Hooks: true zero-overhead context injection and the “red squigglies” home
Hooks are presented as the most scalable primitive because they run outside the context window and only inject text when triggered. This makes it feasible to have huge numbers of potential checks without paying token cost for the ones that don’t apply.
Subagents/agent teams and why unconditional plugin prompts don’t scale
Subagents allow specialized tasks in separate contexts, reducing pressure on the main context window, but their descriptions still add up at scale. Daisy also explains why plugins can’t just ship unconditional CLAUDE.md content: it’s deceptively expensive and would balloon prompts ecosystem-wide.
Where Claude Code is heading internally: parallelism, asynchrony, and “multiple Claudes” workflows
Daisy shifts to how the Claude Code team uses Claude Code to build itself, emphasizing parallel work and longer-running tasks.
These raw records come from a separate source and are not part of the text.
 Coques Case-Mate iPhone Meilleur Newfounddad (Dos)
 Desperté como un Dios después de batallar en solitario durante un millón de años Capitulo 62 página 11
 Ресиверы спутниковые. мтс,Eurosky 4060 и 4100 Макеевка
She presents practical workflow tactics: git worktrees, session renaming/colors for faster context switching, and enabling Claudes to message each other.
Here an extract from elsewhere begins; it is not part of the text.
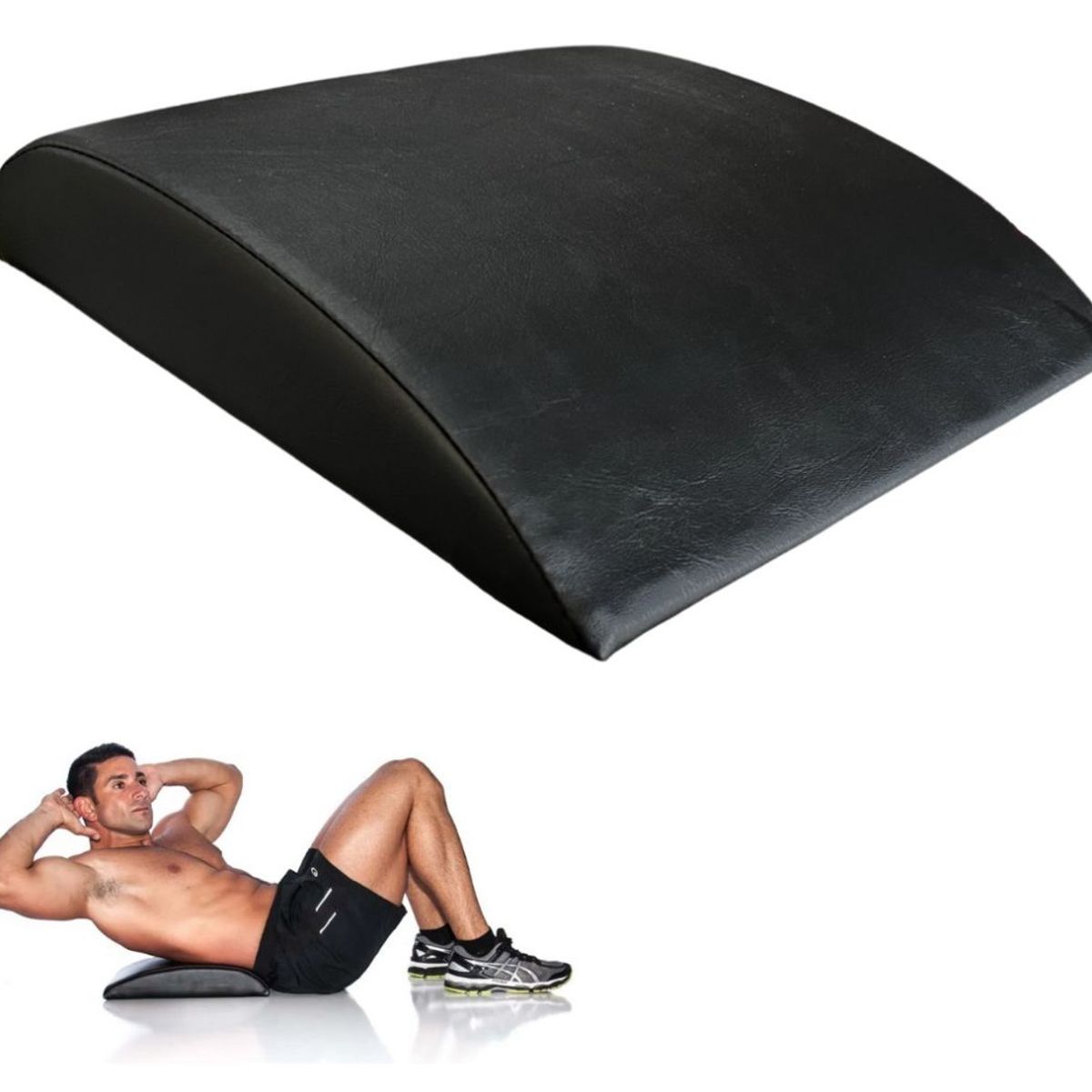GENERICO - Ab Mat Sit Ups Abdominal Trailer Cojín Para Abdominales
Automation features: /loop, permissions mode, Agents view, and remote control
She highlights features that make long-running and hands-off workflows viable: /loop for periodic re-runs, permissions mode to avoid constant prompts, a centralized Agents UI for managing many sessions, and remote control for quick check-ins away from the computer.
Closing takeaways: access, context discipline, and scalable abstractions
Daisy ends with three guidance points that summarize the talk: connect Claude to the same systems you use, engineer context intentionally, and choose plugin abstractions that won’t collapse at monorepo scale. She encourages thinking in terms of 100k+ skills/tools and the token economics of each choice.